Whilst the boat is a perfect space to write in, I find it too womb-like for business work and admin. I’ve been working from my iPhone with no wifi for over a month. I’ve failed set myself up on the internet. I’m unable to Skype, something I use freely. I have to go to the library to make these blog posts live and the library is not compatible with my email system. My printer’s not working, and aargh!
On the positive side, yesterday evening, after a full Bank Holiday day, my chap and I sat side by side on the sofa reading for an hour or so while the rain pattered down. In my old flat, I never allowed myself to do this; I didn’t feel relaxed enough. It’s the sort of thing I only do on holiday – other things include sew on buttons or play Scrabble, a candle flame blowing.

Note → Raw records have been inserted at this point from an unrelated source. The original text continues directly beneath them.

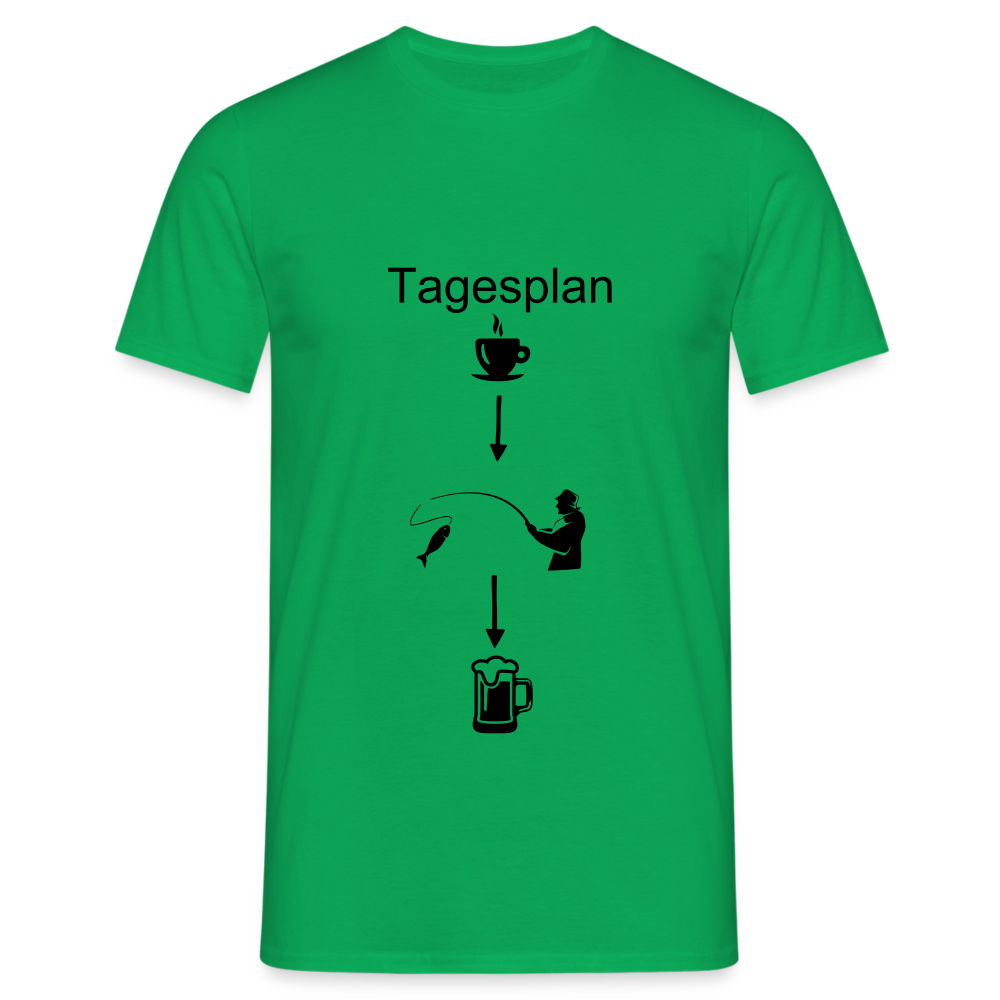 Männer T-Shirt - Kelly Green
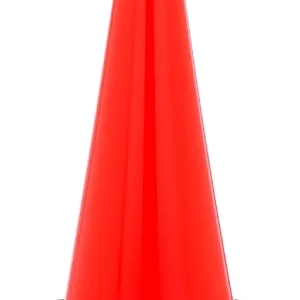 TRAFFIC CONE 18"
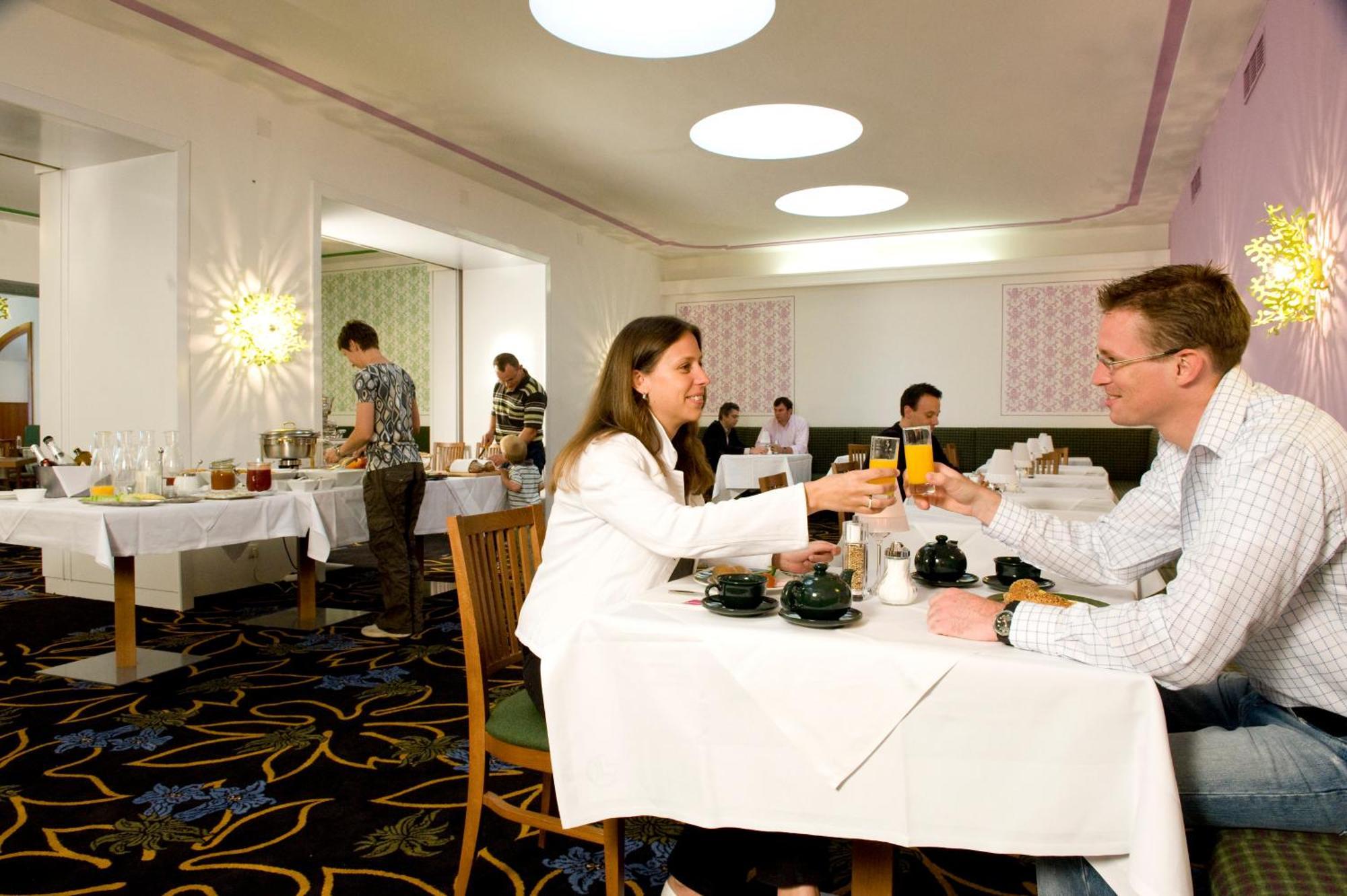 Aktivhotel Weisser Hirsch Mariazell Exteriér fotografie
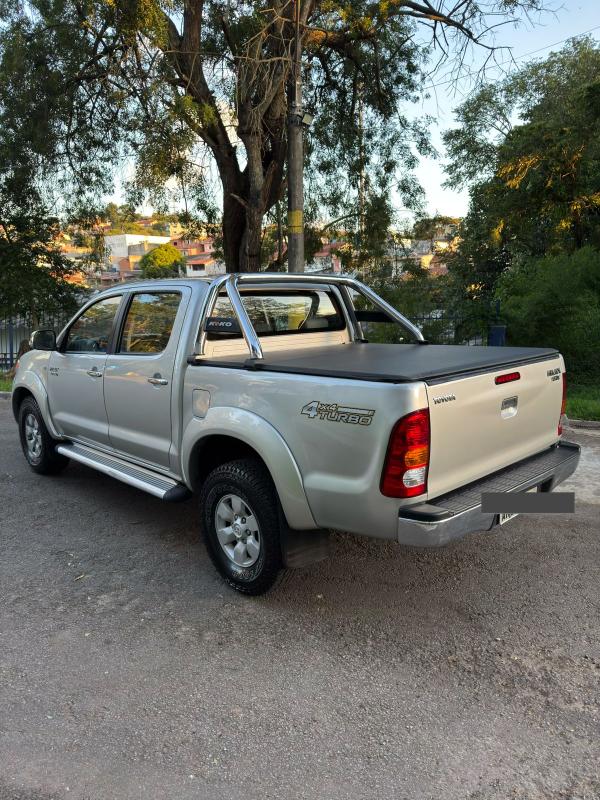 Hilux - Foto #5 do anúncio à venda de Carro clássico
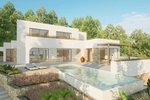 Thumbnail 1 van Villa te koop in Moraira / Spanje #60361
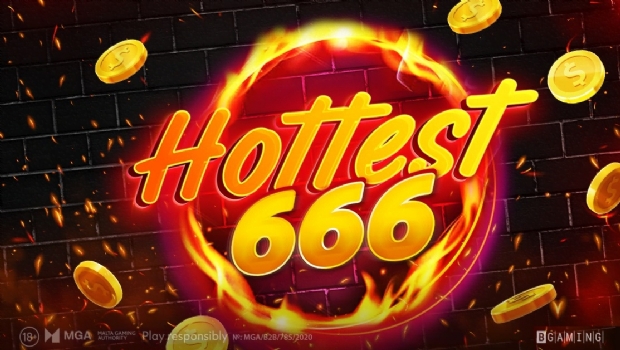 BGaming revamps fruit slot theme with distinctive pre-bonus feature in Hottest 666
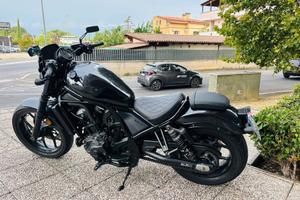 HONDA CMX 1100 Rebel TUTTO INCLUSO ANCHE PASSAGG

Then at night we retired to our back-room nest. It’s not quite finished or airtight: the roof is wrapped with bright blue tarpaulin. In a storm or high winds this rattles round us while the rain funnels down. While I am exhausted, able only to wash my hair every few days rather than every couple of days (until we get the bath sorted), while my loveliest clothes lie hidden and sad in storage, I myself am much closer to nature, growing more alive.